(INFORMATION SUPPLIED)
************
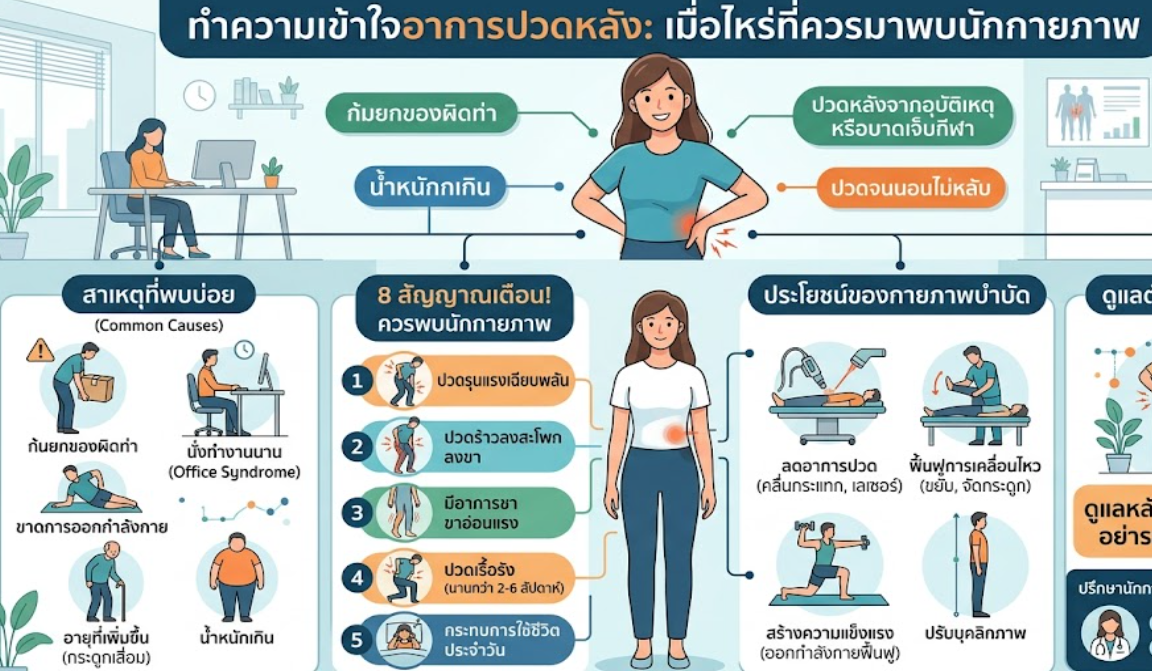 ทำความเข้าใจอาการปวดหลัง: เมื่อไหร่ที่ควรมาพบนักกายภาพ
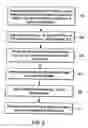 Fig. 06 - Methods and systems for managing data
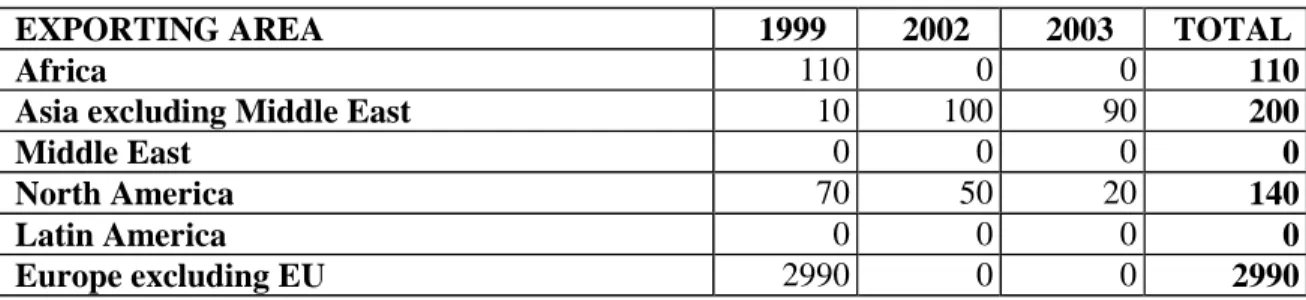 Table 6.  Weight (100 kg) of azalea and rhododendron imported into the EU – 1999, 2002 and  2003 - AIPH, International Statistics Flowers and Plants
************
(TASK DETAILS) Omitting all pictures, retype exactly the lines from the line containing "Fig. 06 - Methods" down to the last line above, both ends included.

(RESPONSE TO THE EXERCISE)
 Fig. 06 - Methods and systems for managing data
 Table 6.  Weight (100 kg) of azalea and rhododendron imported into the EU – 1999, 2002 and  2003 - AIPH, International Statistics Flowers and Plants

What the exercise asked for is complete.